Pour satisfaire à ces obligations et accompagner les états dans l’acquisition de compétences, il faut rappeler le travail admirable de l’Organisation Hydrographique Internationale qui a mis en place une véritable stratégie en matière de renforcement des capacités.

En complément et pour répondre aux besoins ponctuels en mesures, cette tâche est souvent déléguée, avec plus ou moins de bonheur, à des sociétés privées.

Alors, observe-t-on aujourd’hui une phase de transition, et peut-on espérer que demain, les services hydrographiques nationaux en Afrique auront construit leur pleine autonomie ?

Malgré les encouragements des institutions internationales, je suis modérément optimiste. D’une perspective locale, les initiatives connaîtront sans doute des fortunes variées en fonction des pays et selon leur empressement à répondre, ou non, à l’assistance qui leur est offerte.

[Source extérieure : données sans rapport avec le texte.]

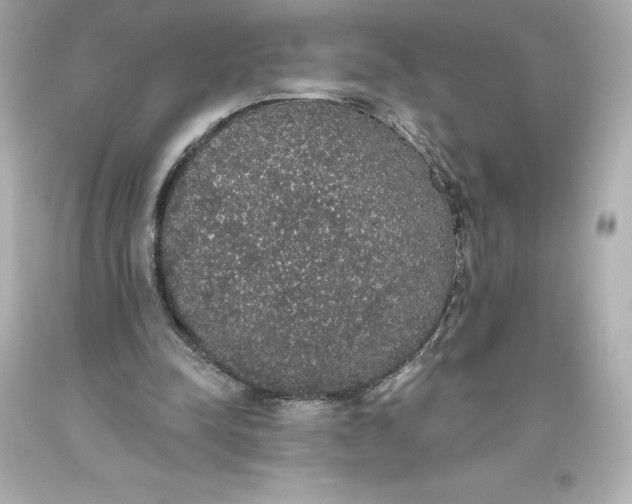 X0000093620342200710291230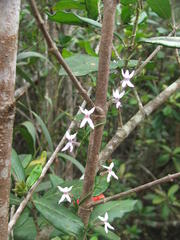 Cyphia digitata digitata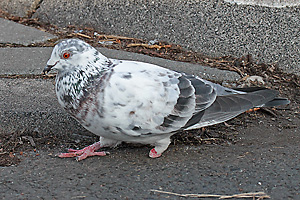 Wei&szlig;-schwarz gescheckte Farbmorphe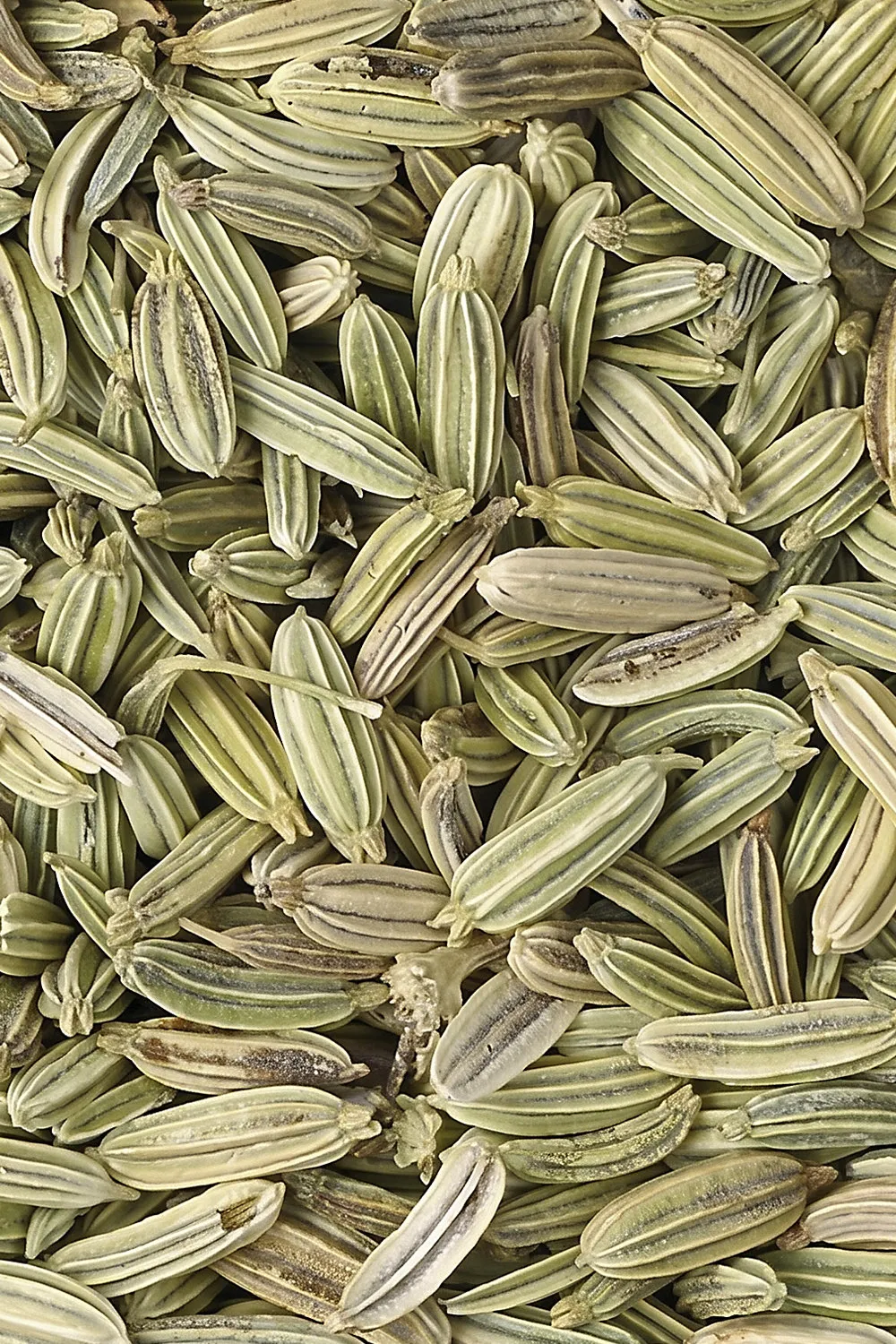 Semi Di Finocchio - Immagine 2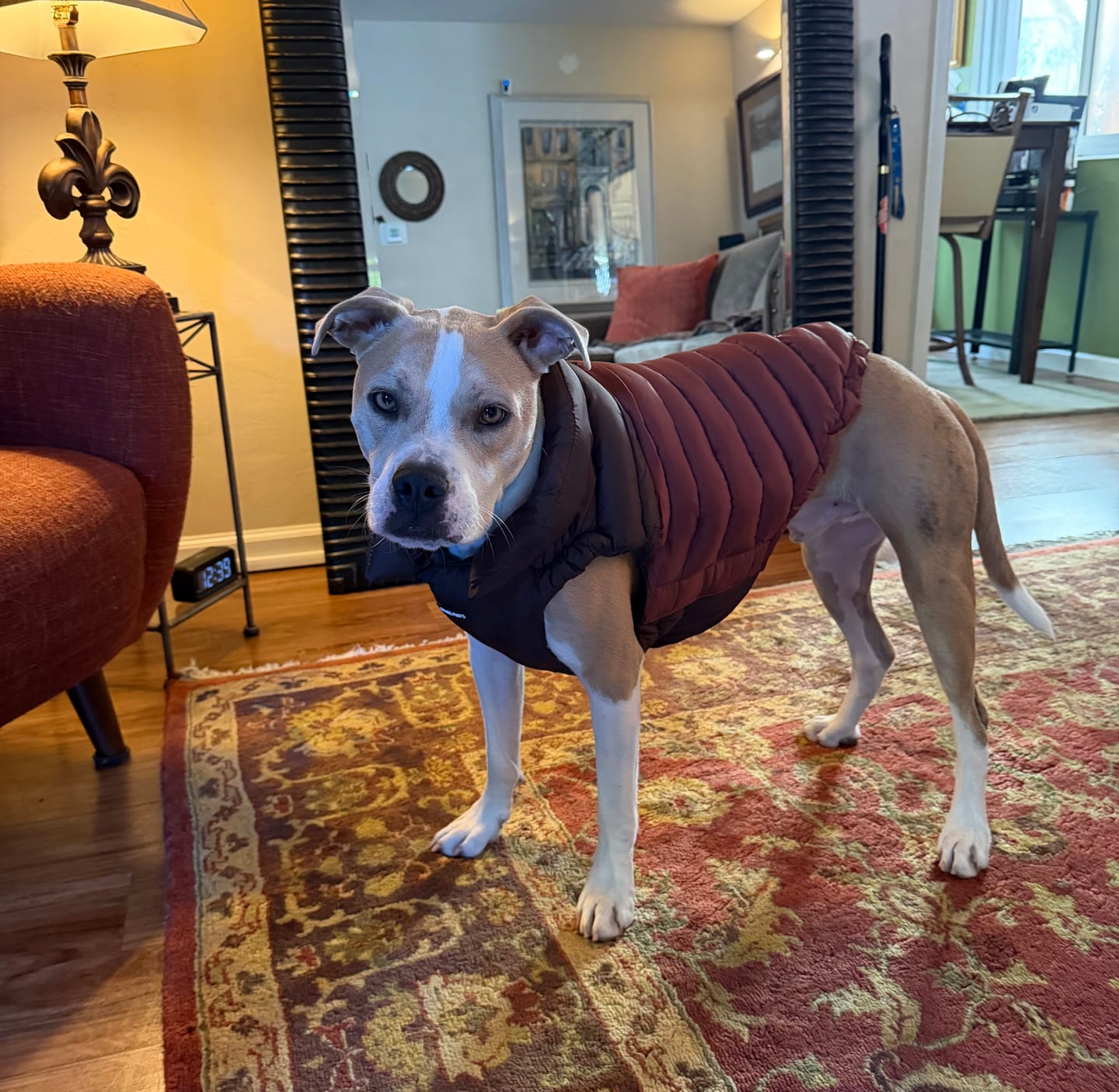 Customer photo review of PuffShield Winter Jackets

Si pour certains pays africains la pleine autonomie est un objectif ambitieux, je suis cependant convaincu que nous pouvons redistribuer le défi à l’échelle régionale. En fédérant leurs ressources, des pays limitrophes pourraient mutuellement en tirer bénéfice, tout en accédant à une forme d’indépendance.

Imaginons une filière de formation animée par les pays membres de l’Association de gestion des ports de l’Afrique de l’Ouest et du Centre, et un service hydrographique régional disposant d’un navire et d’équipements, qui toute l’année irait de port en port de Nouadhibou à Cotonou. Ça aurait de l’allure non ?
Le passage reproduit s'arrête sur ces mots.